It is the principal objective of this invention to provide a compact rotary evaporative cooler which can be easily integrated into applications where space and energy are at a premium.
Another objective of this invention is the provision of a compact rotary evaporative cooler of the class described having the ability to control the humidity of the cooled air to accommodate the varying preferences of occupants in conditioned spaces.
Still another objective of this invention is to provide a compact rotary evaporative cooler that is capable of providing cooling at a minimum expenditure of mechanical energy and, thereby, reduce the carbon dioxide burden in the atmosphere.
A further objective of this invention is the provision of a compact rotary evaporative cooler that functions without environmentally hazardous refrigerants and associated compression equipment.
A still further objective of this invention is to provide a compact rotary evaporative cooler of the class described that is of simplified construction for economical manufacture, maintenance and repair.
The foregoing and other objects and advantages of this invention will appear from the following detailed description, taken in connection with the accompanying drawings of a preferred embodiment.
FIG. 1 is a fragmentary schematic longitudinal section of a compact rotary evaporative cooler embodying the features of this invention.
FIG. 2 is a transverse section taken on the line 2—2 in FIG. 1.

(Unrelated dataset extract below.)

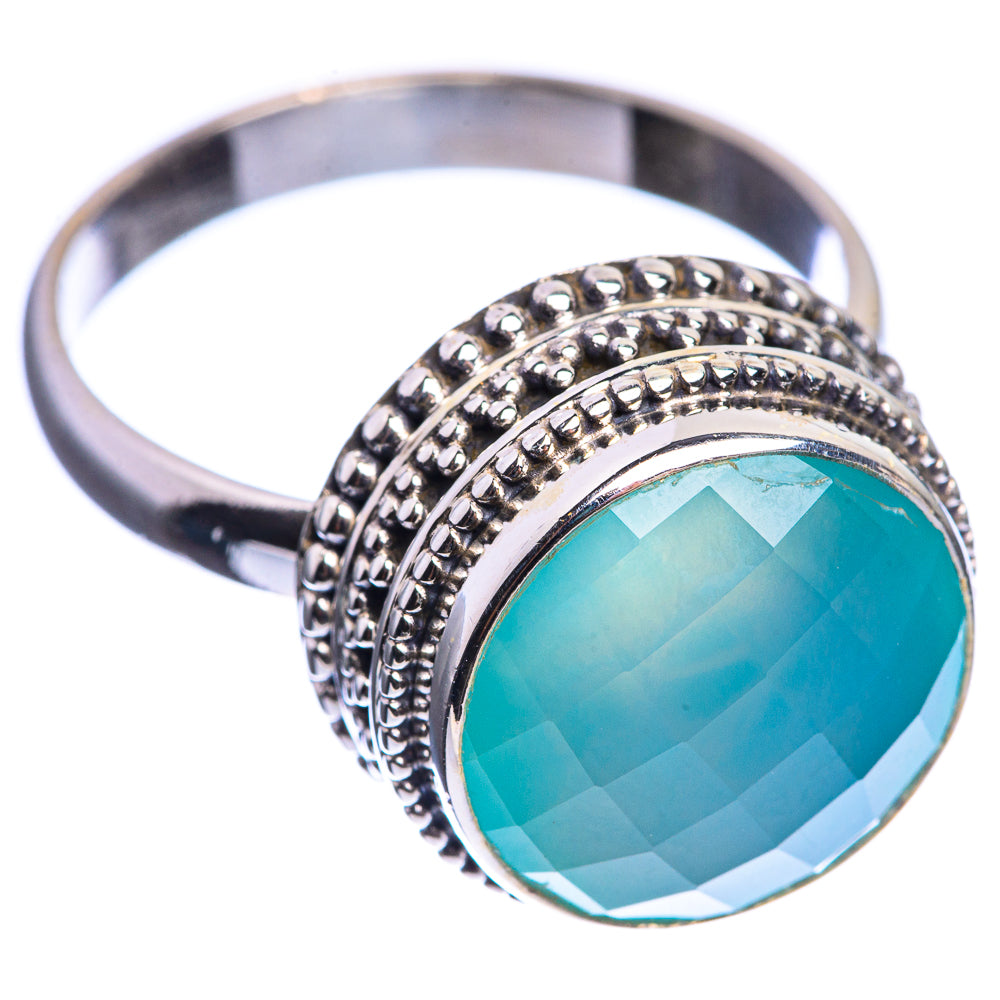Aqua Chalcedony 925 Sterling Silver Ring Size 10.75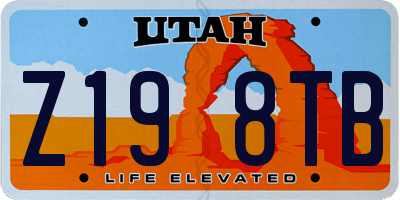 UT license plate Z198TB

FIG. 3 is a transverse section, on an enlarged scale, taken on the line 3—3 in FIG. 1, showing a Perkins tube and its associated circumferential fin.
FIG. 4 is an enlarged fragmentary longitudinal portion of one of the Perkins tubes identified by the broken rectangle in FIG. 1.
FIG. 5 is a schematic diagram illustrating one arrangement of integrating a compact rotary evaporative cooler of this invention into a room or other space to be conditioned.
FIG. 6 is a psychrometric chart illustrating the performance parameters of the compact rotary evaporative cooler of FIG. 1 integrated as illustrated in FIG. 5.
FIG. 7 is a fragmentary schematic diagram, similar to FIG. 5, illustrating a bootstrap mode of operating the compact rotary evaporative cooler of this invention.
As shown in FIG. 1, the compact rotary evaporative cooler of this invention includes an outer case 10 which is elongated and preferably substantially cylindrical in cross section. Case 10 houses a rotor indicated generally at 12. The rotor is mounted on and attached to a central shaft 14 rotating in bearings 16 which are supported by end walls 18 fixed to case 10.
The rotor is driven by a variable speed motor 20 which is attached by supports 22 to an end wall 18 of the case 10.
Shaft 14 mounts a substantially centrally disposed, radially extending partition plate or barrier plate 24. The plate is rigidly mounted on shaft 14 as by welding. Its diameter is but slightly less than the internal diameter of case 10.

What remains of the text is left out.